(Dataset excerpts)
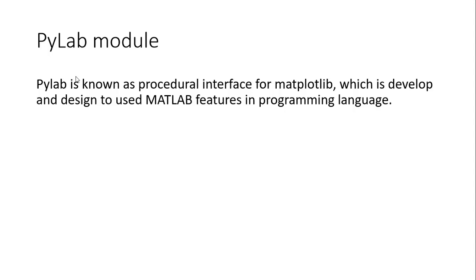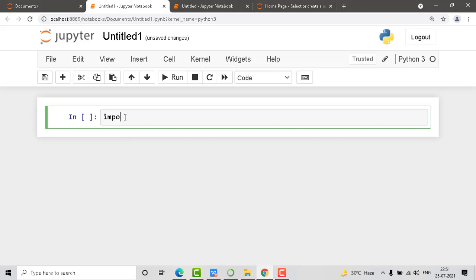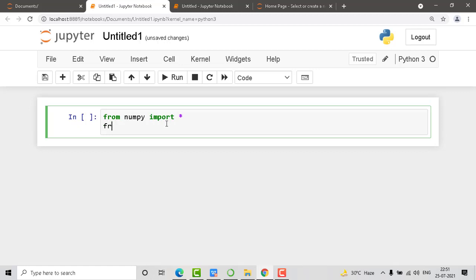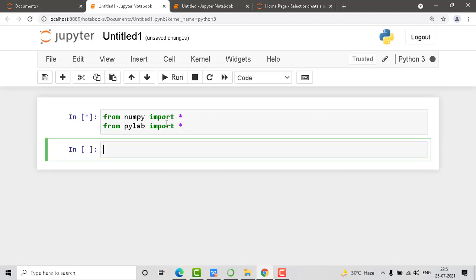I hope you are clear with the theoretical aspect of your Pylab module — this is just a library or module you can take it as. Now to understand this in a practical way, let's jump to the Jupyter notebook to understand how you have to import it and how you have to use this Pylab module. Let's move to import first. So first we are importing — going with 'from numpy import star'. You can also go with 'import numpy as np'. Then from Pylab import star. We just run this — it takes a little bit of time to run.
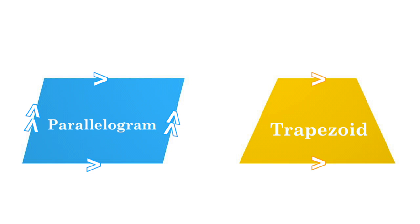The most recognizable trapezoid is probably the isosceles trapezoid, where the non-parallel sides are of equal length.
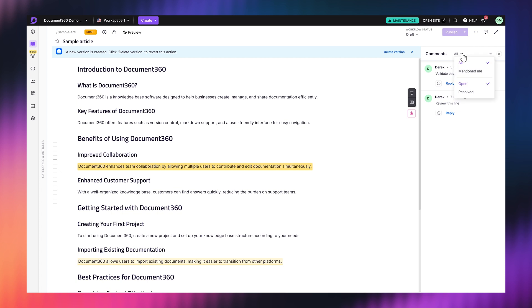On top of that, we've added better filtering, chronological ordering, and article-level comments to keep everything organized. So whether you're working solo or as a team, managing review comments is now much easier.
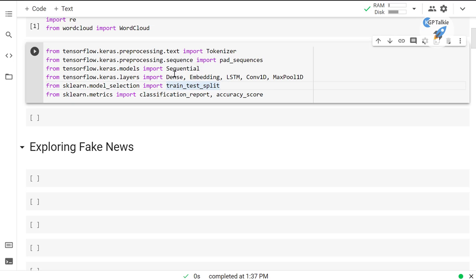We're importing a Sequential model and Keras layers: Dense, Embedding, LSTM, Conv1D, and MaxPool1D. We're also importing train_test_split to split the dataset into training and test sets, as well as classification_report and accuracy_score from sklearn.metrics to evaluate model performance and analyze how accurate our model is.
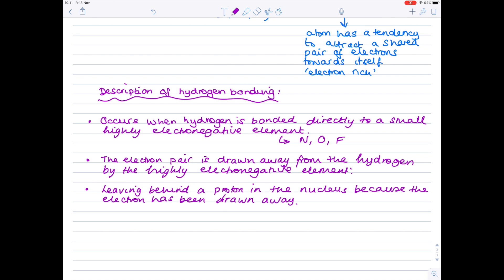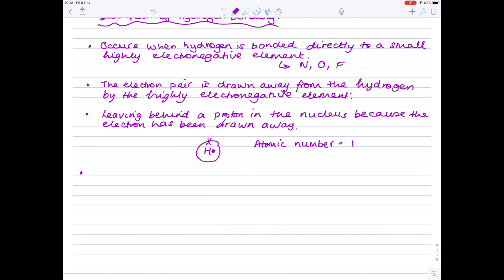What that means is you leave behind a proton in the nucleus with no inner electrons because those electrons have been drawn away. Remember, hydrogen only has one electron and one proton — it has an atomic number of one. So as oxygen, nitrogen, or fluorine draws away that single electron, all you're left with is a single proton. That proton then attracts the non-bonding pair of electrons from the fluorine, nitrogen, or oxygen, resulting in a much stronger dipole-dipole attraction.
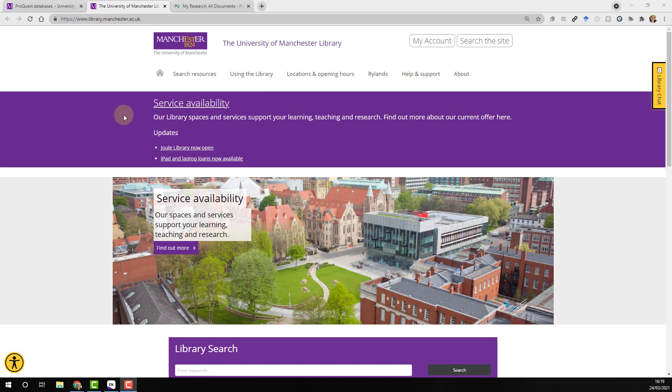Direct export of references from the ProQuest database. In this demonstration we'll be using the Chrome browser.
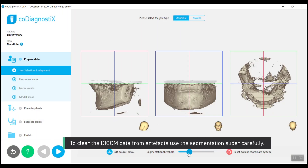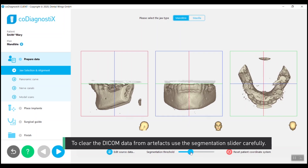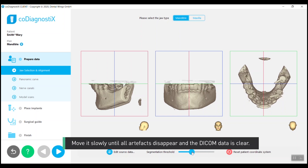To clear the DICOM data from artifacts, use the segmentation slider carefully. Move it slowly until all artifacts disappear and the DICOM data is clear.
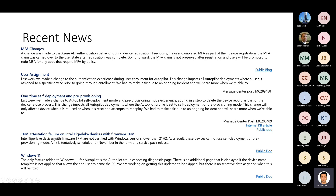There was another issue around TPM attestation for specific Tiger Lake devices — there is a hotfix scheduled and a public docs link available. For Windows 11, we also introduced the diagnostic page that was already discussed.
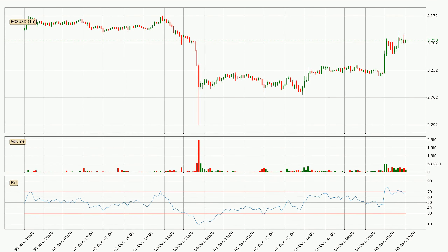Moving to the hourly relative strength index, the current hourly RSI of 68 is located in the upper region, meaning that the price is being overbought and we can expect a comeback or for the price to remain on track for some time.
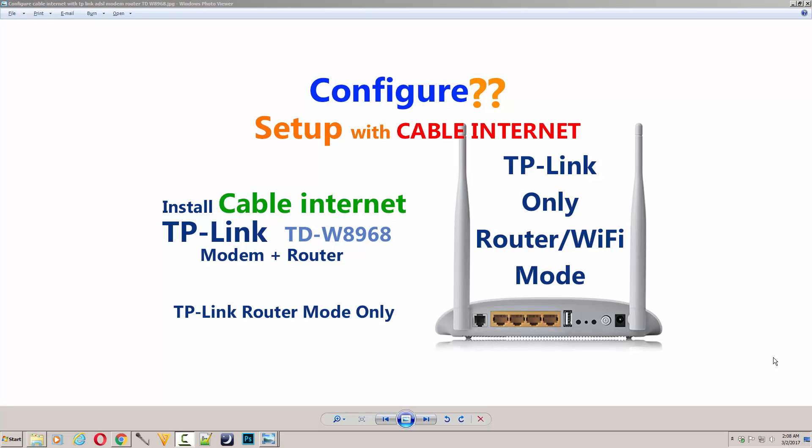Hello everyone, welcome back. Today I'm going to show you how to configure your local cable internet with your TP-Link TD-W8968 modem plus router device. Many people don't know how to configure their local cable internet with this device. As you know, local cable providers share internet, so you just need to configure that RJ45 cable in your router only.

Exercise goal: Would you retype the lines from the line containing "Moving to the" to the final line of the entries above, exactly as given and without pictures?

Task output:
Moving to the hourly relative strength index, the current hourly RSI of 68 is located in the upper region, meaning that the price is being overbought and we can expect a comeback or for the price to remain on track for some time.
Hello everyone, welcome back. Today I'm going to show you how to configure your local cable internet with your TP-Link TD-W8968 modem plus router device. Many people don't know how to configure their local cable internet with this device. As you know, local cable providers share internet, so you just need to configure that RJ45 cable in your router only.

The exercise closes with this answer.